なぜなら、正しい説明を受けて要件に合わなかった際『この社会は、私が存在しない前提で作られている』と認識する以外になく、その認識をフォローしてくれる人がいないからです。

これは怒りより深く、現代の悩ましい事象であり、さまざまな課題を生んでいると感じています。

※この部分においては、行政の職員さんも感じる部分があるはずです(現場職員は目の前の人に共感するが、組織としては正しさを守らねばならないため、結果として、職員が感情を切り離して仕事をするようになるという、組織にとっても長期的には損失な乖離)。

 

【設計を見直す☆】

なんかこんなことを書いていると行政批判のように読めてしまうかもしれませんが、そうではありません。

ここは強調したいのですが、正しさと納得の乖離は、誰かが怠けたからとか行政が冷たいからではありません。

社会が複雑化し、全員を同時に納得させることが不可能になった結果なのです。

善し悪しの判断はせずに、まずはこの現状を理解し受け入れる。

 

そのうえで考えるべきことは、乖離をなくすことではなく、乖離を見える化し乖離があることを前提にその衝撃を和らげる設計でないかと私は考えるわけです。

つまり、事前に「零れ」を想定し、逃げ道を用意したり行政が直接やらなくていい余白を残すことが必要なのではないかと考えるわけです。

 

ここで今一度まとめます。

正しさと納得の乖離とは、社会が「正しく説明できる」ことと、人が「生きやすいと感じる」ことが別々の論理で動き始めた現象。

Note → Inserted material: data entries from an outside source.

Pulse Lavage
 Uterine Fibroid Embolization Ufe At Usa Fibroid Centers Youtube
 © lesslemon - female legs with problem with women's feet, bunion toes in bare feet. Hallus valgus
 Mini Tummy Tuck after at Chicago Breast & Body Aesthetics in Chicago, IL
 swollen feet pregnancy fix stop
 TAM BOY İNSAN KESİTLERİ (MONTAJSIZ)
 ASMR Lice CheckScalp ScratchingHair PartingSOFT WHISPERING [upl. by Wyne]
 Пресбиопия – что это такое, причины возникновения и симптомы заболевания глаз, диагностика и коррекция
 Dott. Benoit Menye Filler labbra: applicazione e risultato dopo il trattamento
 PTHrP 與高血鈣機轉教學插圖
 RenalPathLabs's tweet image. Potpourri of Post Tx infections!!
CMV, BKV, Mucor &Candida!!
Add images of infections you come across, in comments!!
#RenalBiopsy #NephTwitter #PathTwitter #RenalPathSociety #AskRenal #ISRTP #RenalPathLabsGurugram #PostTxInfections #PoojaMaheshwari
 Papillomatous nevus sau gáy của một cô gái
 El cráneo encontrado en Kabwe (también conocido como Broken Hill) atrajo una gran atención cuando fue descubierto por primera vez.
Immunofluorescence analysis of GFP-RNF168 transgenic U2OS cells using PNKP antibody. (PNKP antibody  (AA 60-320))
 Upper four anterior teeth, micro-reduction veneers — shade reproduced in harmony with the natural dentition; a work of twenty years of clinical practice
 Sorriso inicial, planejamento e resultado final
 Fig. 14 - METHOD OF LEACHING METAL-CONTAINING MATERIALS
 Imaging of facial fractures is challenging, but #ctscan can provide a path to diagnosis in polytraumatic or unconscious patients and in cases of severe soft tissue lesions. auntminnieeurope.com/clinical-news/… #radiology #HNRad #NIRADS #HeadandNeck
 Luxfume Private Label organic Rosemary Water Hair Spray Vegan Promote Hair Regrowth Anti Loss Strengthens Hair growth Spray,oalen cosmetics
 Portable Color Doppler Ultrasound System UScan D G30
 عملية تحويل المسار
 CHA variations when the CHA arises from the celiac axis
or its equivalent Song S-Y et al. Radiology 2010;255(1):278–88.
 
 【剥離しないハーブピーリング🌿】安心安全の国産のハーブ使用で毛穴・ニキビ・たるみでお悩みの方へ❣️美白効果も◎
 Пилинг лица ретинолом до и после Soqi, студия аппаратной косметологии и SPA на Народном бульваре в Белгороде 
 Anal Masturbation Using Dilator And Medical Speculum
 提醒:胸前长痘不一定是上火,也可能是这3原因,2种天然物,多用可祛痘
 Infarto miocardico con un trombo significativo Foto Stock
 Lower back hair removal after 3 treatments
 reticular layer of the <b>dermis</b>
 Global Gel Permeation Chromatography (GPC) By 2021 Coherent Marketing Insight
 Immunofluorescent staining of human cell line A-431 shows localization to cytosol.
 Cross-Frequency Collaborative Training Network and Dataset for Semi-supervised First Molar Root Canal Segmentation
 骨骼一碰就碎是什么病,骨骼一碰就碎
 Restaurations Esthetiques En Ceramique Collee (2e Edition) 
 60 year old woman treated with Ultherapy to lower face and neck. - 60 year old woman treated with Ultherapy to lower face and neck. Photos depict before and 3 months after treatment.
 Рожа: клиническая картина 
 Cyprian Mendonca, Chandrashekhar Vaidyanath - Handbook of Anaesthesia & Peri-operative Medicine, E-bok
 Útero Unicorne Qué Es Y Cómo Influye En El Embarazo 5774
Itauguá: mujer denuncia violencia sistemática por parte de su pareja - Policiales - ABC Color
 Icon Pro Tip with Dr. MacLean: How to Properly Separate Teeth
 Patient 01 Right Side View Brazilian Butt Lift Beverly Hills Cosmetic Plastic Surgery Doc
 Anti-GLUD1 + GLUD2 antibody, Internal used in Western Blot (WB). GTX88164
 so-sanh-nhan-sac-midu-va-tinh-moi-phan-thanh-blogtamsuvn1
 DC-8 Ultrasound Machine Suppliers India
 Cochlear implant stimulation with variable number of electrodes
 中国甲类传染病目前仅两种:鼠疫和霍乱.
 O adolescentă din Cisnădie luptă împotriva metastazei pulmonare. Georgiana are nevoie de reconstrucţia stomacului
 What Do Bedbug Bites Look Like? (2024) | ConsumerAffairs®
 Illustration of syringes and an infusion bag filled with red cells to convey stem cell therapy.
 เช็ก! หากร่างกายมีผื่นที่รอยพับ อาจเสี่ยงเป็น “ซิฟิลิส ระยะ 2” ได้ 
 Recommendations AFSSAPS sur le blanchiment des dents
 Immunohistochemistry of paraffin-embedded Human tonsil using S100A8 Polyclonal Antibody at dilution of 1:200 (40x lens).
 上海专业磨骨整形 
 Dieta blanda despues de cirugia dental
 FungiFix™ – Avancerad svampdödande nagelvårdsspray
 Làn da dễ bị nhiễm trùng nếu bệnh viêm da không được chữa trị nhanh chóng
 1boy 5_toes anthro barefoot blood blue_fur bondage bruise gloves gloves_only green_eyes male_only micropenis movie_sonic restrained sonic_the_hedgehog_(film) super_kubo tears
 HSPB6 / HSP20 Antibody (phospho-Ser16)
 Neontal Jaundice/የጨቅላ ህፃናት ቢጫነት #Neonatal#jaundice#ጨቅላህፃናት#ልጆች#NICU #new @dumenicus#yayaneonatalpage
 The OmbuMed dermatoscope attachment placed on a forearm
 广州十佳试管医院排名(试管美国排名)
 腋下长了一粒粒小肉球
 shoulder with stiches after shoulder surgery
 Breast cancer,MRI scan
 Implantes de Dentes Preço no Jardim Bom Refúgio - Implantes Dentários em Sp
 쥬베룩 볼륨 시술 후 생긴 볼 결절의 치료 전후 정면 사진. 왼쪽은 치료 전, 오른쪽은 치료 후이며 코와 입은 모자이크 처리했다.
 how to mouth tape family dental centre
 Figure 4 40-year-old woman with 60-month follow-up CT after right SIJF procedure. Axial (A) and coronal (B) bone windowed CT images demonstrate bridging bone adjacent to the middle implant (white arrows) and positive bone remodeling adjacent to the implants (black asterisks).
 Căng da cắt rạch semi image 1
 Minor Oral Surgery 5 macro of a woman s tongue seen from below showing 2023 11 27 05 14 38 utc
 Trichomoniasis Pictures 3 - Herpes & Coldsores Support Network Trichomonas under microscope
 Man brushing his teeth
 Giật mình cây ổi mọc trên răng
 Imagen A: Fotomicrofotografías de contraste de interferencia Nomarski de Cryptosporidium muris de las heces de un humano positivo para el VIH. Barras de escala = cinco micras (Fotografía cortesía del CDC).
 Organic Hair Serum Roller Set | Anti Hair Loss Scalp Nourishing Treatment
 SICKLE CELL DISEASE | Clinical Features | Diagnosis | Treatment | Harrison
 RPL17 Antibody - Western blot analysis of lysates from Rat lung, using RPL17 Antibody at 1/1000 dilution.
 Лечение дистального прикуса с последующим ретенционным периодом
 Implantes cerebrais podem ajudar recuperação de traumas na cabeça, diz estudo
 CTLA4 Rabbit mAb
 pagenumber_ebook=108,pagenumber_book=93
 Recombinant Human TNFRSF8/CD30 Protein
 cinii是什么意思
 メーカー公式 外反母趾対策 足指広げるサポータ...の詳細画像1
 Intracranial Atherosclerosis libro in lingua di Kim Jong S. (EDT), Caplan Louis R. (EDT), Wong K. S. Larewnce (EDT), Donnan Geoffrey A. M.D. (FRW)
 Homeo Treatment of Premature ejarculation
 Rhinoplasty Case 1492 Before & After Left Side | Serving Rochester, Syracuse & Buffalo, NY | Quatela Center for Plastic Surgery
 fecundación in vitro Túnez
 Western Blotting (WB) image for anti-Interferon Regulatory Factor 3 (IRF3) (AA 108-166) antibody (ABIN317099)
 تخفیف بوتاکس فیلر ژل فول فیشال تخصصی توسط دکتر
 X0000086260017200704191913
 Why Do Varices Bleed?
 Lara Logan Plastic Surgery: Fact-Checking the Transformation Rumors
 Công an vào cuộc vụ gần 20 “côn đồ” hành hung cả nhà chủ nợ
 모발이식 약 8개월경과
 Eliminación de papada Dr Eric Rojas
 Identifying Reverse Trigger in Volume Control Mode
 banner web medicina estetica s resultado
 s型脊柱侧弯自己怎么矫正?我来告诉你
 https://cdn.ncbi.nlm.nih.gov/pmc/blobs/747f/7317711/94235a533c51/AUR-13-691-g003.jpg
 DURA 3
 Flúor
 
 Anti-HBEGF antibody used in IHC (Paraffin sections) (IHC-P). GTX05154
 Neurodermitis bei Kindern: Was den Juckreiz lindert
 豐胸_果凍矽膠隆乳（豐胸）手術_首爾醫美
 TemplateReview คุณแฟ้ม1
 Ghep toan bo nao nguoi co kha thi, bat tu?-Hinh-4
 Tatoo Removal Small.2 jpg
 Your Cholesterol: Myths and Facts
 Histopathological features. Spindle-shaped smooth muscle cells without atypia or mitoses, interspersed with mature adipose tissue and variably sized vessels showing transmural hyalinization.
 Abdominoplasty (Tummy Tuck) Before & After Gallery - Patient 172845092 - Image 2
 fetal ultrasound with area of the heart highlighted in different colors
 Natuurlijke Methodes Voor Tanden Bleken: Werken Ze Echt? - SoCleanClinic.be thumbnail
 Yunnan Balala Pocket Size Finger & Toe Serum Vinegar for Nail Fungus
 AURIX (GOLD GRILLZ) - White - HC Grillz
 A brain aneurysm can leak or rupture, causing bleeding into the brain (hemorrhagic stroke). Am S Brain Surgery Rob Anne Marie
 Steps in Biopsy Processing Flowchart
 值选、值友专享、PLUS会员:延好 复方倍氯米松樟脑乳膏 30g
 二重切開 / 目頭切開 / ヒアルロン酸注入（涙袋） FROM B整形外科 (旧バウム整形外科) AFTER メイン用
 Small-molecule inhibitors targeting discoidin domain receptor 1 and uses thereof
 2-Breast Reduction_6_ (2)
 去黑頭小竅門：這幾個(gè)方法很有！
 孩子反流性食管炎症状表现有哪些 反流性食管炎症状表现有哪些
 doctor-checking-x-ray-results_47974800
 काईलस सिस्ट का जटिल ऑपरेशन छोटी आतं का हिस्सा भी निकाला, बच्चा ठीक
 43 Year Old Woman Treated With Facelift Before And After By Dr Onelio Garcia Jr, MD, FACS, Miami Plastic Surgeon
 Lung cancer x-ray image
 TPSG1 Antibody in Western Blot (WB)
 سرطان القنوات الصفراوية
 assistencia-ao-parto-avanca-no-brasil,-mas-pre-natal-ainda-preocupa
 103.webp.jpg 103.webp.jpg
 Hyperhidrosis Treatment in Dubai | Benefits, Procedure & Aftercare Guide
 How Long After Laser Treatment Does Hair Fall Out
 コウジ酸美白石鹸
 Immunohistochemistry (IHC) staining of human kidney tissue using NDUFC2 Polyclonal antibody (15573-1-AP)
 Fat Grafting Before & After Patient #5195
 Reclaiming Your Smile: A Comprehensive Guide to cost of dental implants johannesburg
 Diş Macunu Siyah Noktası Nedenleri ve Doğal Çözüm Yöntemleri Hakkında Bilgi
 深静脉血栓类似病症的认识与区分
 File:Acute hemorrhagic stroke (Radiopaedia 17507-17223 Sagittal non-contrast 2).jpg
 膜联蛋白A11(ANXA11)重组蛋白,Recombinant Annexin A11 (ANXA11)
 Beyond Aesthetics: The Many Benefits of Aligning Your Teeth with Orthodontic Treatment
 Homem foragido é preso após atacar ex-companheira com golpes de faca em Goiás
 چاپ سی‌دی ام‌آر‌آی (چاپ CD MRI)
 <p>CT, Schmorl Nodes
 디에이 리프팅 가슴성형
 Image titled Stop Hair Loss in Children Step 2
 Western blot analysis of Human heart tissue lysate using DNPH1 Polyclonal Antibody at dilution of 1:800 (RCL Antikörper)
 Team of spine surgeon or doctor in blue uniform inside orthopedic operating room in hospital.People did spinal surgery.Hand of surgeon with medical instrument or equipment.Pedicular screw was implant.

だからこそ、この状況を理解し政策を考えると、“正しさを振りかざさない、しかし曖昧にもならない”という、かなり高度なバランスが取れる。

 

本来、区政における正しさとは、『間違えないこと』ではなく、『壊れないこと』です。

法的に正しい、多数派に支持されている、効率も良い。

それでも社会の接着剤を溶かしてしまうなら、正しさは未完成になります。

現代行政の課題は、説明可能性だけでなく受容可能性を設計すること。

江東区ではこれが実現できるよう、微力ながら無い知恵を絞ってこれからも考え提案していきたいと思います。

最後までお読みいただきありがとうございました。